In a more recent detailed study of the economic cost of GBS in the U.S., the lifetime health burden in monetary terms for 5,500 GBS patients was examined [39]. Such a study provides information to assess cost-effectiveness of health measures that affect GBS. The estimated annual cost of GBS was $1.7 billion (95% CI, $1.6 to 1.9 billion) including $200 million (14%) in direct medical costs and $1.5 billion (86%) in indirect costs. In our work, we focused solely on assessing the savings in drug costs. At $5,350.00 per course of five treatments multiplied by the number of treatments per year times the number of GBS patients treated at a given hospital, a significant budget impact on pharmacy costs could quickly accrue.

We intentionally did not consider "indirect cost" that hospitals may assign to the physical floor space required to perform a TPE procedure in our analysis. Space valuation is variable between institutions, reflecting differences in revenue and accounting practices. This valuation would be small on a per-procedure basis and therefore would not significantly affect this analysis. In addition, assignment of an indirect cost for physical space is financially relevant only if the treatment of this patient population requires addition of an apheresis medicine treatment unit. If existing apheresis medicine service capacity can absorb those procedures, it is difficult to argue that the hospital has incurred a new "cost."
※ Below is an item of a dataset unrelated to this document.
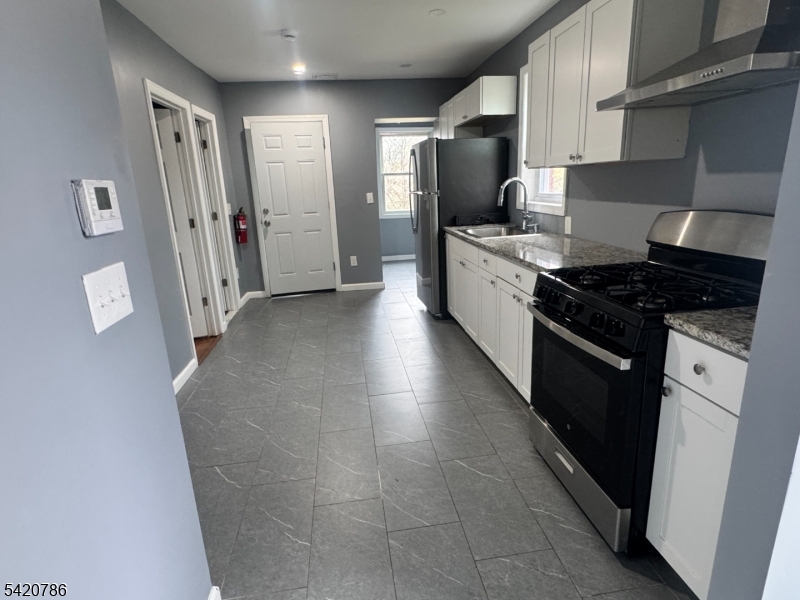 17 Home Street Somerset, NJ 08873 - Photo 15 of 20 a kitchen with stainless steel appliances granite countertop a refrigerator and a stove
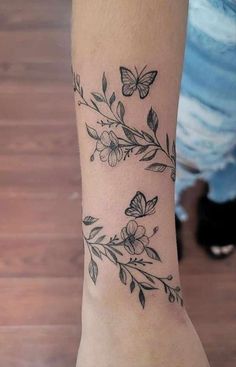 a woman's arm with butterflies and flowers on it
Our study is limited in three significant ways. First, while AEs attributable to TPE and IVIg occurred with similar frequencies in the 1997 Plasma Exchange/Sandoglobulin Guillain-Barré Syndrome Trial, the nature of those events was different between the two groups. It is therefore possible that the overall costs of treating these AEs will also be dissimilar. This, however, may be of no importance since the complications for both treatments are typically mild and self-limited requiring minimal intervention. Second, we did not consider the influence of either abbreviated TPE or IVIg treatment courses on overall costs. In the Plasma Exchange/Sandoglobulin Guillain-Barré Syndrome Trial, less than 75% of the planned intervention was given to 13.8% of patients in the TPE group versus just 2.3% in the IVIg group. All subjects were included in the outcomes analysis. In addition, alternate replacement fluids and/or a lower percentage of HSA in the replacement fluid could be used, though this is not consistent with published guidelines. If similar under-dosing rates or use of alternate replacement fluids occur in current practice, this would result in further reductions of the average cost of TPE. Finally, our study examines only the direct costs of TPE and IVIg, not the total costs. In order to determine total costs it would be necessary to have data on the types and frequency of adverse effects of the two treatments as well the costs associated with treating these complications. Contemporary data is not available.

Conclusions

By treating GBS patients with a course of five TPE treatments instead of five IVIg infusions, U.S. hospitals can expect to realize a cost savings of more than $5,680.00. For a given hospital, the magnitude of this cost advantage will be only marginally affected by its average IVIg and albumin acquisition costs and local nursing wage rates. Considering the high cost of IVIg as a maintenance therapy, especially for other conditions like chronic inflammatory demyelinating polyneuropathy and myasthenia gravis, institutions may realize significant savings. Based not only on its efficacy and safety profiles but on its financial considerations as well, TPE should be strongly viewed as first line therapy in the treatment of GBS patients.